Chronique de Pauline Murris

Pigiste ()

C’est à Montfermeil que Victor Hugo situe l’auberge des Thénardier dans Les Misérables. Qui sont les « misérables » d’aujourd’hui ? Immersion à Clichy-Montfermeil, emblème des symptômes sociaux de la France.

Vingt-quatre ans après la parution de son ouvrage pionnier, Les Banlieues de l’Islam, le politologue Gilles Kepel, accompagné de cinq autres chercheurs, réalise une enquête de terrain inédite auprès de 100 habitants, actuels ou anciens, de Clichy-Montfermeil. Banlieue de la République reproduit et analyse des entretiens semi-directifs, conduits en français, mais aussi en arabe, en turc, en cambodgien, en anglais, en peul, en soninké, qui se sont déroulés du 17 août au 5 novembre 2010. L’ouvrage fait le pari de rendre intelligibles ces quartiers, en observant au quotidien comment se réalise (ou ne se réalise pas) la promesse républicaine. Si la banlieue de Clichy-Montfermeil incarne le grand succès de la politique urbaine française – puisqu’elle ne semble pas être l’objet d’un désintérêt des politiques de gauche comme de droite –, elle demeure toutefois le lieu privilégié d’exacerbation de la crise de l’intégration, qui s’exprima notamment par les émeutes de 2005. « Clichy et Montfermeil, c’est la France », clame Gilles Kepel. L’auteur cherche à déconstruire le concept marginalisant de « banlieue » en s’efforçant de replacer ce dernier au cœur de la société de demain.
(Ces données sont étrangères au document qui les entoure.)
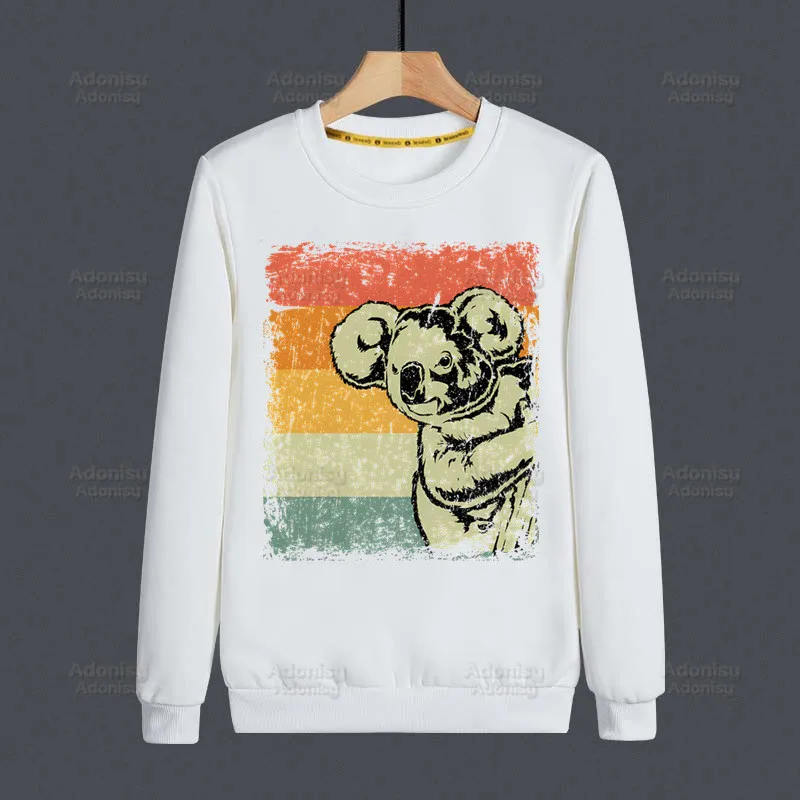 

Koala Kawaii Hoodies Cute Cartoon Sweatshirts Men Woman Fashion Autumn Winter Hip Hop Hoody Male Casual Tops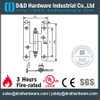 DDBH019-用于商业门的实心黄铜H门铰链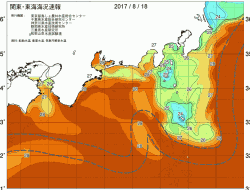関東・東海海況速報/広域(2017/08/18)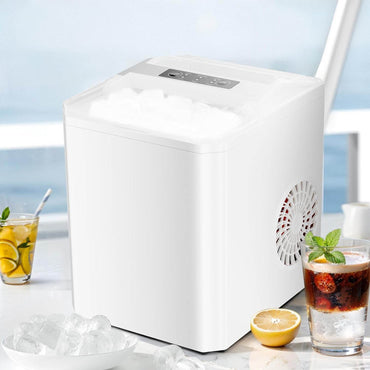 Ice Maker Self-Cleaning Portable Comes with Ice Scoop Suitable for Countertop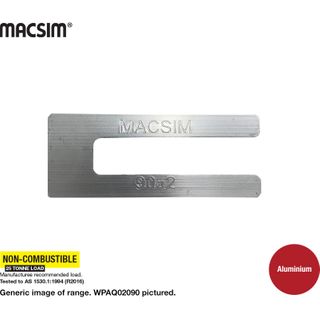 2.0X90MM WHITE ALUM WINDOW PACKER  J PK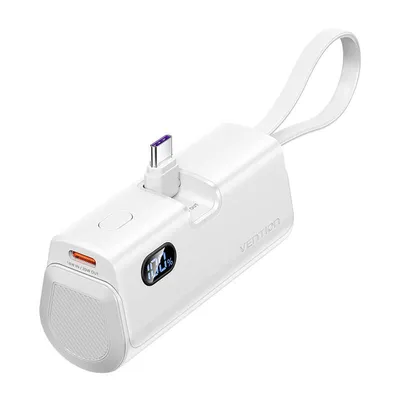 Powerbank Vention wyświetlacz led 4800mah 22.5w fhqw0 (biały)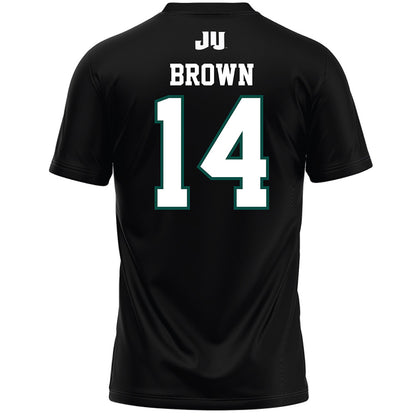 Jacksonville - NCAA Men's Lacrosse : Nicky Brown - Black Lacrosse Jersey-1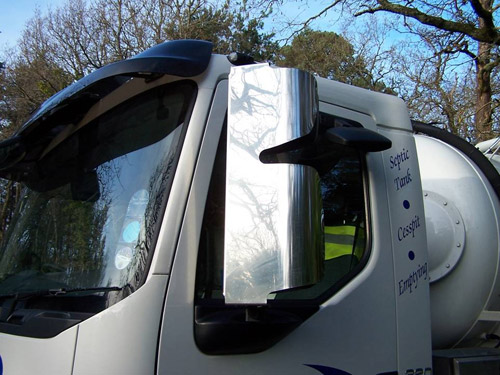 Suitable for Volvo FMX (V5) 2021 Onwards (Large Mirror on Top) Mirror Guards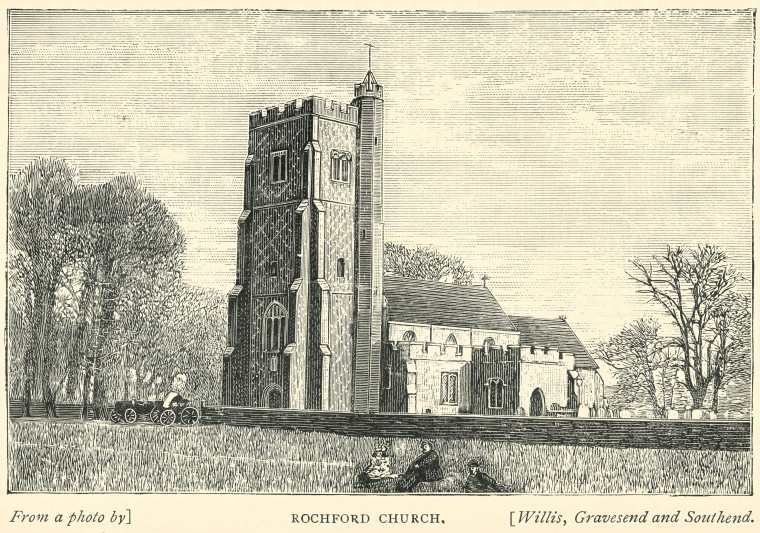 Rochford Church Willis Southend 1910 Copyright: T Northcott Spurll Southend 1910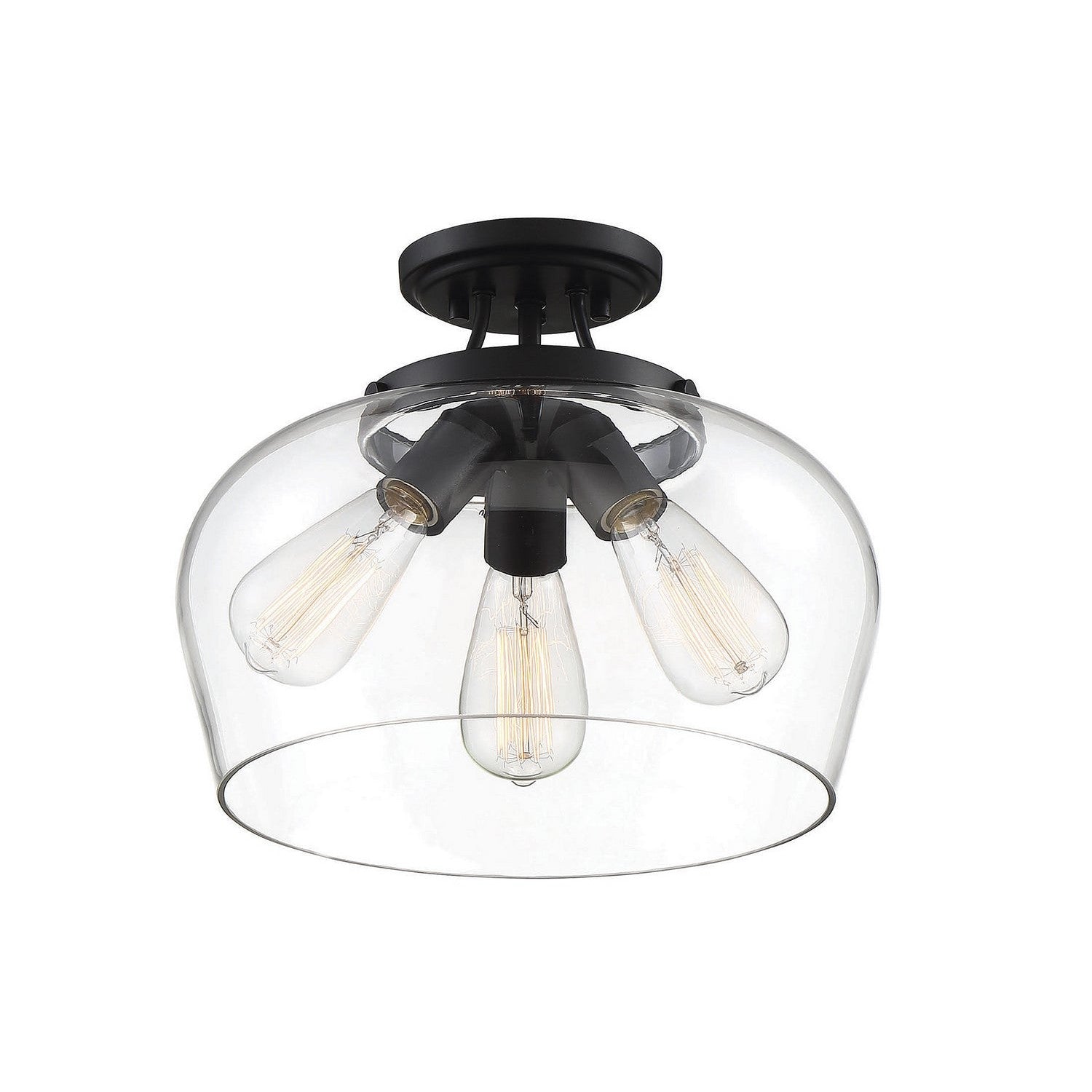 Savoy House - 6-4035-3-BK - Three Light Semi-Flush Mount - Octave - Black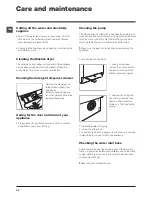 Preview for 22 page of Indesit IWDE 71680 Instructions For Use Manual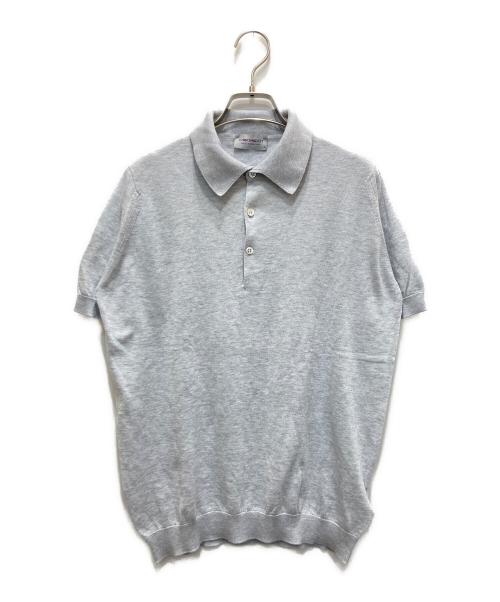 JOHN SMEDLEY（ジョンスメドレー）JOHN SMEDLEY (ジョンスメドレー) シーアイランドコットンニットポロシャツ グレー サイズ:Mの古着・服飾アイテム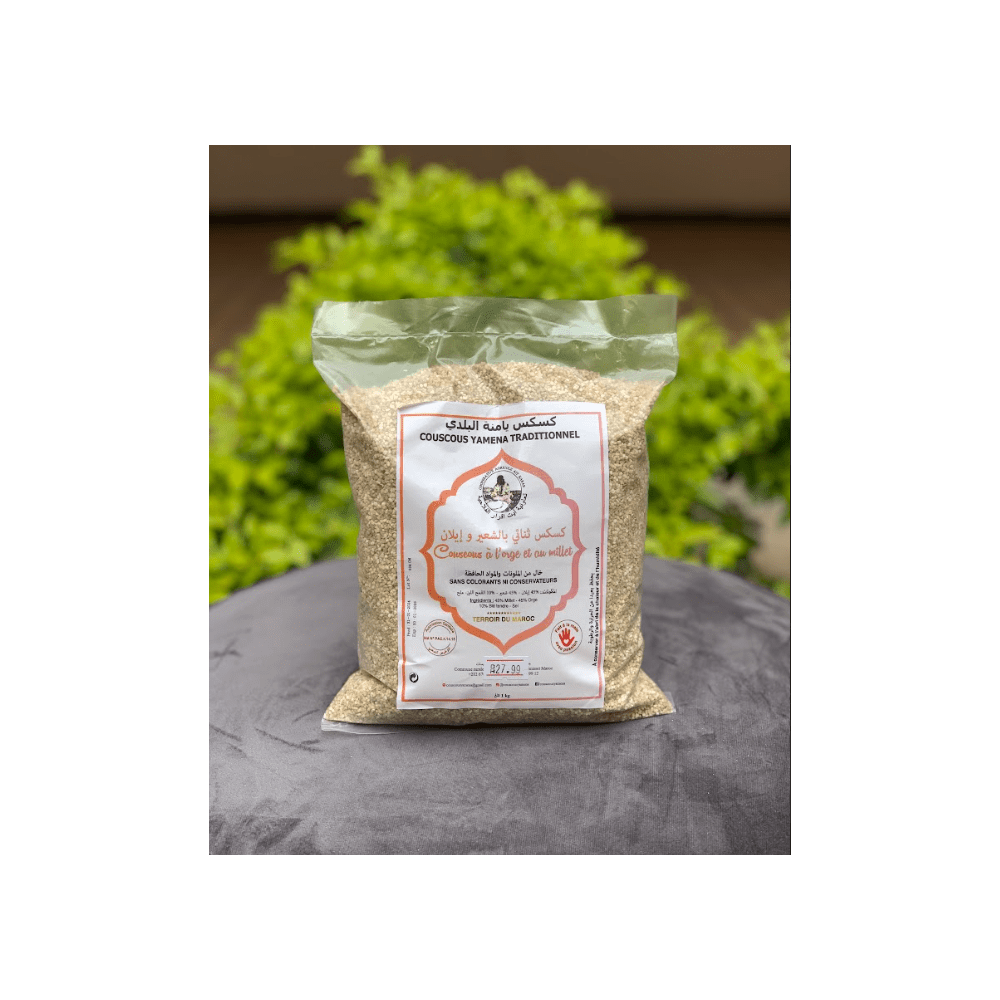Couscous à l'orge et au millet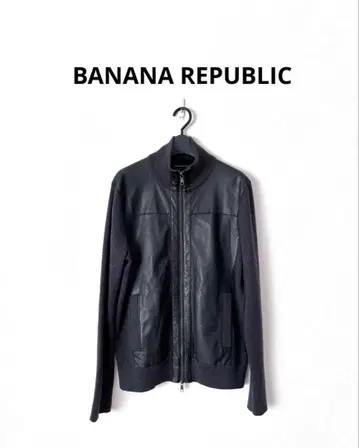 바나나리퍼블릭 가죽 절개 니트 콤비네이션 가디건 아우터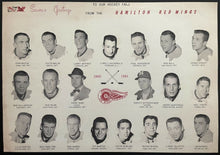 Load image into Gallery viewer, 1960-61 OHA Major Jr A Hamilton Red Wings Seasons Greetings Place Mat Henderson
Il interroge la manière dont s’articulent les différentes composantes (logement, rénovation urbaine, éducation, emploi, sécurité) qui permettent de « faire société ». Grille d’intelligibilité sociale, ce rapport questionne les modalités de construction d’un lien social dans un paysage aussi contrasté. Les ambitieux efforts portés à l’éducation et à la rénovation urbaine afin de réhumaniser des lieux qui ont perdu tout attrait, sont présentés comme des enjeux déterminant pour sauver les banlieues de l’abandon. Par des détours historiques pertinents et une fine analyse des entretiens recueillis, l’auteur nous livre un rapport dérangeant, qui bouleverse nos représentations traditionnelles. C’est de cette enquête que s’inspire Quatre-vingt-treize, essai du même auteur, qui traite plus exclusivement des questions de l’islam en France. Partant de l’islamisme, Quatre-vingt-treize participe d’une réflexion d’ensemble sur la France et son devenir, lequel n’est plus dissociable de celui de ses banlieues.